Только так у Евгении получается отвлечься на несколько часов. И, хоть физически она в безопасности, сон ещё не вернулся, эмоционально чувствует себя плохо. Но живопись не только хобби и психотерапия. В Украине Евгения продавала картины. Родители её начинания всегда поддерживали. Сейчас они всё еще в Демидове — это село в Киевской области.
— Когда я думаю о своих родителях, которые там сидят… Я звонила везде, в Украинский красный крест, просила: «Если нет коридора, привезите лекарства, им 70 лет, от давления хотя бы лекарства какие-то». Они говорят: «Мы знаем, но российский блокпост не пропускает даже красный крест». Я позвонила в Беларусь, потому что там до Беларуси 140 километров. Там же люди, там же старики. Они говорят: «Мы эти вопросы не решаем».
Папа заряжает от какого-то аккумулятора машинного телефон и включает один раз в сутки. Для того чтобы писать, что они живы.

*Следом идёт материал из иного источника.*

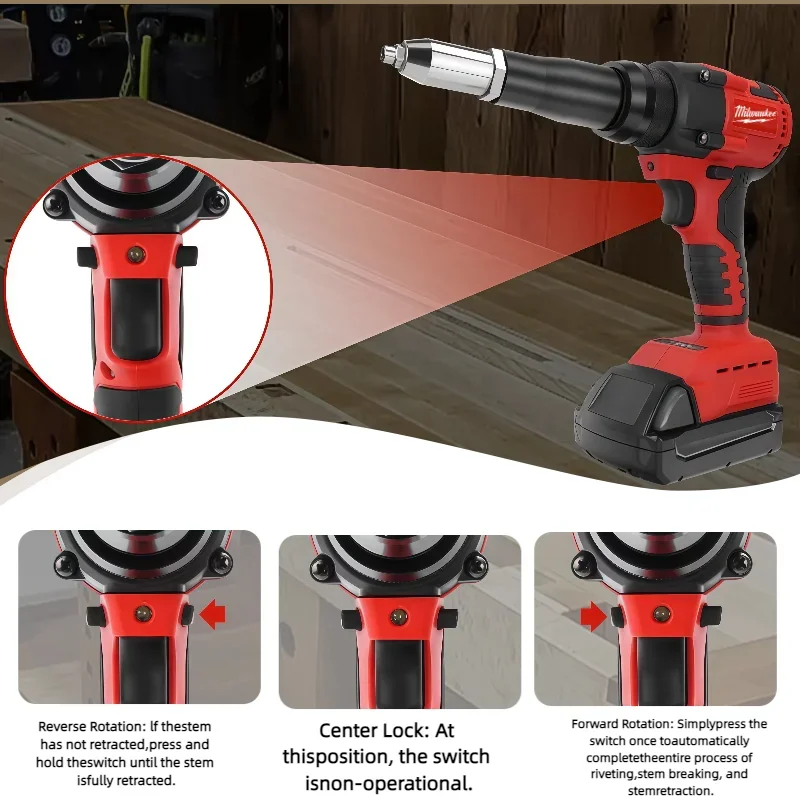 Milwaukee Brushless Cordless Rivet Gun | 4.8MM Automatic Riveter with LED Light | 18V Battery Tool - Thumbnail 5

Чтобы мы с ума не сошли. Газа тоже нет, они разводят костёр. Раз в два дня на этом костре что-то готовят. Воду — починили какой-то насос, сделали его механическим. Смогли со скважины воду брать. А до этого, слава богу, снег пошёл, папа снег топил. Сегодня утром написал: живы. Слава богу.
Когда люди пытаются выйти, расстреливают просто в спину. Мы сестру оттуда забрали младшую, ей 30 лет. Они шли пешком, там, где взорванные мосты, там периодически стреляли. Пока она дошла, я думала, я с ума сойду. И писать ей не могу: увидят телефон — точно расстреляют.

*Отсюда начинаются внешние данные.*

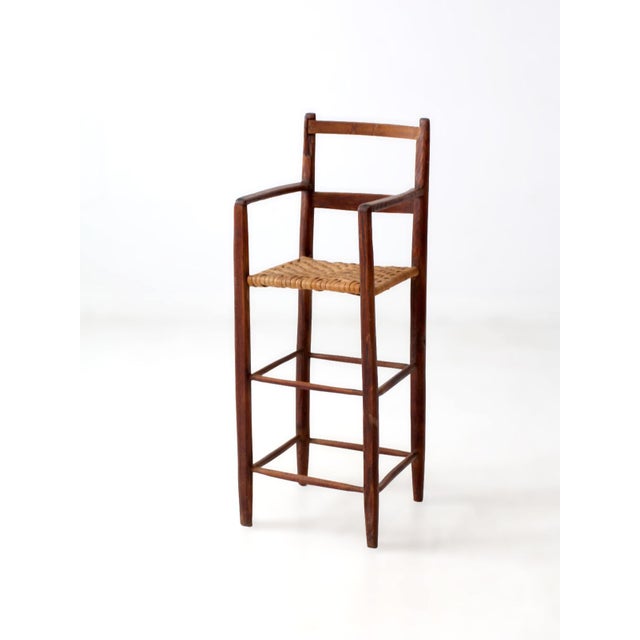 Farmhouse Antique Child's Chair With Woven Seat For Sale - Image 3 of 14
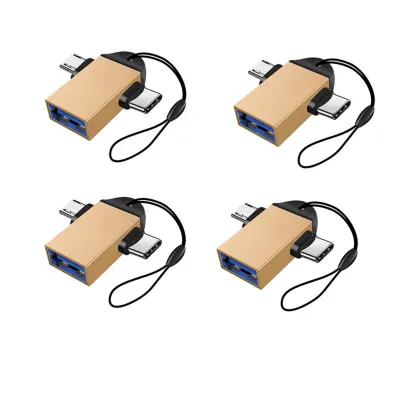 2-v-1 OTG adapter 4-pack — USB-C in Micro USB na USB 3.0 za Android Gold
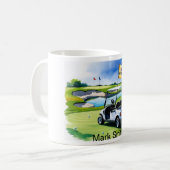Mug Retraite de golf avec voiturette de golf sur le pu (Devant gauche)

Она сейчас в Польше, ходит к психологу. И он говорит, у неё не сильно всё хорошо. Я говорю, чтобы она держалась. Надо выдержать, надо ещё родителей оттуда достать. Хотя бы, если они не захотят переезжать, дождаться, когда оттуда уйдут войска, все им отремонтировать, создать какие-то условия. «Если ты будешь раскисать, кто это будет делать?»
У нас ещё не самая страшная история. А есть люди, у которых погибли родственники, у которых нет дома. Просто ненавижу это всё, если честно.

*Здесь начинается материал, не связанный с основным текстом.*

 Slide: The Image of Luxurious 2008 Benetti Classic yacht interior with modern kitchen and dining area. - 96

Сегодня стало известно, что село, где живут родители Евгении наконец освобождено.
Также в Украине остался муж Евгении. Сюда она приехала с уже взрослой дочкой. Так что из родных рядом только она. Когда бежали от войны, из вещей почти ничего не взяли.
— Мы даже когда выбегали из дома, я Вике говорю: «Хватаем эти две иконы, тогда с нами ничего не случится». Ну человек должен во что-то верить. И мы с этими иконами так и поехали. Мы вот так их везли через все блокпосты.
Одну икону Евгения написала сама. Но в своей привычной жизни она была промышленным дизайнером.
— В Украине, я могу смело сказать, в каждом третьем доме лежит керамическая плитка, на которой я делала декорацию.
Сейчас завод остановил свою работу. Но надежда, что всё закончится.